[WHAT IS NEEDED] The answer should hold only the lines from the one that contains "Exitosa jornada de" through the last line of the material, repeated exactly, without pictures.

(GIVEN DATA begins)

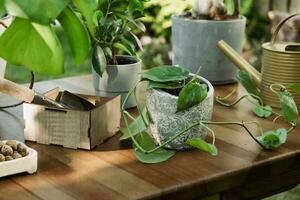 Summer gardening. Re-potting plants. Potted houseplants on table outdoors. photo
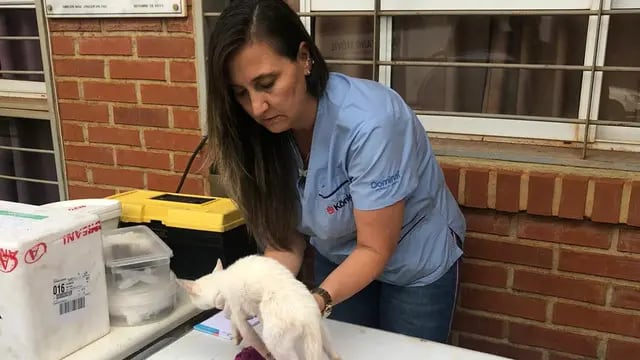 Exitosa jornada de castración de mascotas en Puerto Iguazú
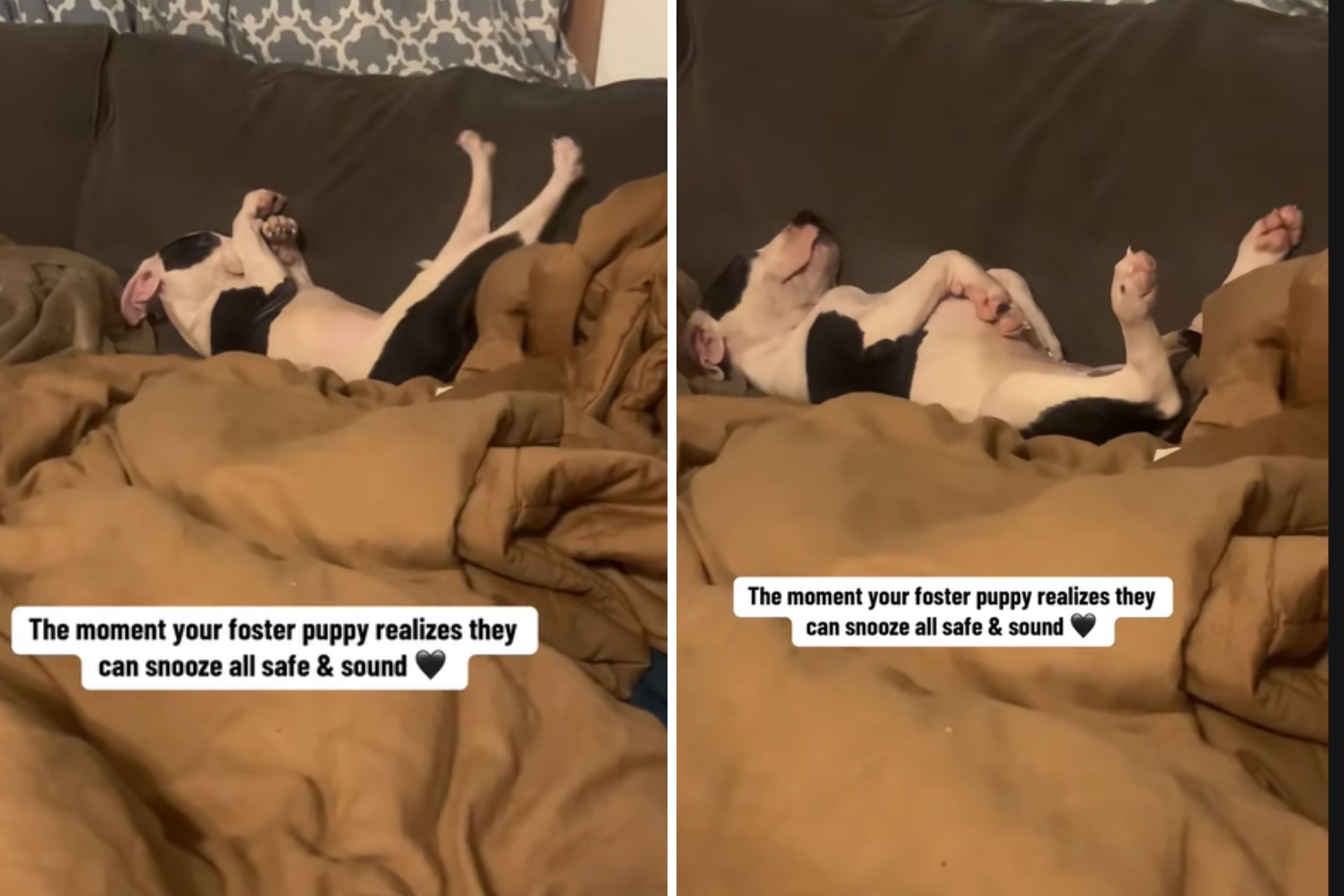 Woman Sees What Foster Puppy Does at Home, Realizes He Finally Feels 'Safe'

(GIVEN DATA ends)

[WRITTEN REPLY]
 Exitosa jornada de castración de mascotas en Puerto Iguazú
 Woman Sees What Foster Puppy Does at Home, Realizes He Finally Feels 'Safe'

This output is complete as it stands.